En todo caso, el tema de los disapros cobra importancia a la vista del informe de balística que elaboró la Fiscalía de Tamaulipas, en el que los peritos contaron 109 disparos en la camioneta donde aparecieron quemados los migrantes, una Chevrolet Silverado, además de los que impactaron sus cuerpos. En el informe, los especialistas señalaron que parte de los disparos que recibió la camioneta se hicieron en movimiento y parte, cuando estaba detenida. Los expertos también estudiaron la segunda camioneta calcinada en la escena del crimen, una Toyota Sequoia, que apareció prácticamente sin balazos.
La conclusión de los peritos dibuja un escenario en que los policías acusados habrían disparado durante y después de la persecución. Según la narrativa que ha armado la Fiscalía estos meses, los policías habrían disparado a los migrantes. Luego los habrían quemado. No se sabe si los migrantes iban o no en la misma camioneta donde encontraron sus cuerpos, si iban repartidos en las dos que encontraron quemadas, si participaron más vehículos que lograron escapar... La esperanza ahora es que todo lo que ocurrió entre medias salga a la luz, todo lo que dibuje un motivo. En Comitancillo, la única esperanza es esa.
“Yo quiero saber”
En la tarde lluviosa de la sierra guatemalteca, en el caserio La Flor, Elida Tomás, de 30 años, sale de una pequeña vivienda echa de barro, forrada de plástico por dentro. ¿Es por las goteras? “No”, contesta, “es por el frío”. En la noche, junto al río, Comitancillo puede convertirse en un lugar helado. Tomás es hermana de Marvin Tomás, de 22 años, uno de los muchachos que apareció asesinado en Camargo.
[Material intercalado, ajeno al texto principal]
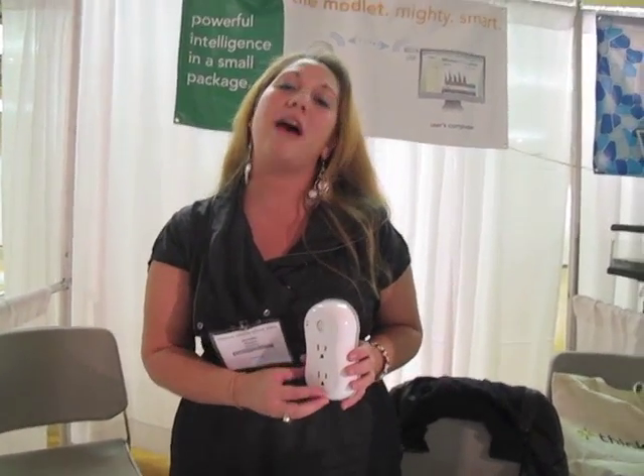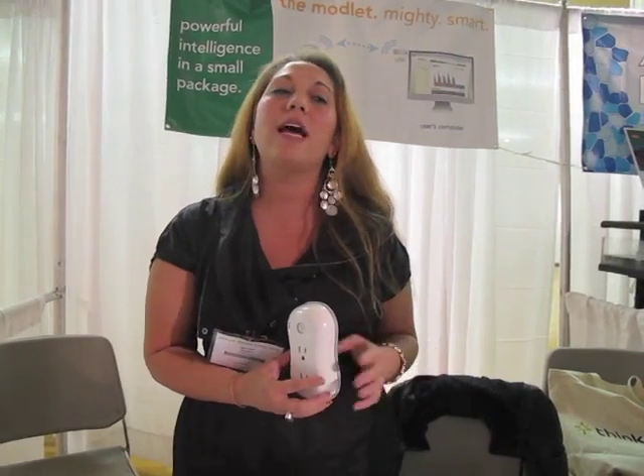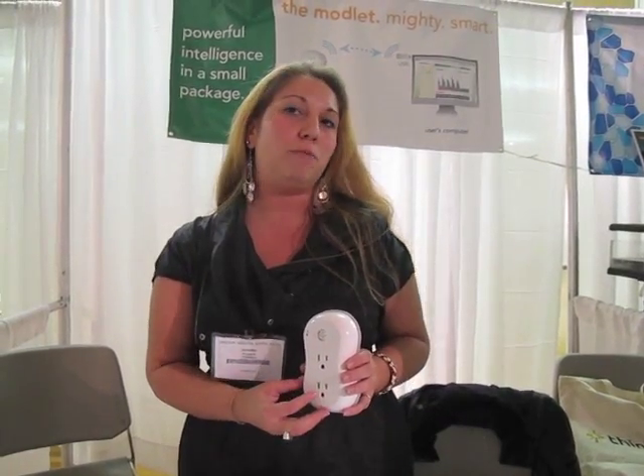And the price point at major retailers will be $40, which includes both the Modlet and the software, just a one-time fee. And what we found with that is a payback period of six months or less, depending on what you plug in and how aggressively you plan your schedules. We've actually had some pilot testers who have found it as low as a two-month payback period because they're saving about 10% to 15% on their electric bill each month.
Las autoridades encontraron su cuerpo apilado con otros 14, en la batea de la Silverado. El suyo estaba del lado derecho de la caja, con la cabeza apoyada en la pared lateral del vehículo. Por el grado de quemaduras que sufrió su cuerpo, los peritos fueron incapaces de determinar la causa de la muerte. Solo saben que el fuego empezó cuando ya estaba muerto.
Aficionado al fútbol, Marvin jugaba en el equipo de Comitancillo, que disputaba el campeonato de la tercera división de Guatemala. Le conocían como El Zurdo. Se decidió a viajar al norte porque quería construir su propia casa y ganar dinero para costear una operación médica a su madre, que tenía una hernia y sufría de diabetes.
“Necesitamos saber cómo ocurrieron las cosas”, dice Elida, “No se cómo lo vamos a tomar después... ¿Fue una confusión o es que no pagaron?”, dice, aunque no aclara a quien. ¿A lo coyotes? ¿A quien fuera que los coyotes debían pagar para llegar hasta la frontera? La mujer cuenta resignada que la masacre no ha cambiado demasiado las cosas. De hecho, dice, la gente se va, igual o más que antes. Prueba de ello, como dicen también Miranda y otros familiares entrevistados estos días allí, es que los salarios en el campo y la construcción han subido. La mujer aguarda con impaciencia que el juicio empiece. “Voy a ir a verlas todas las audiencias”, dice.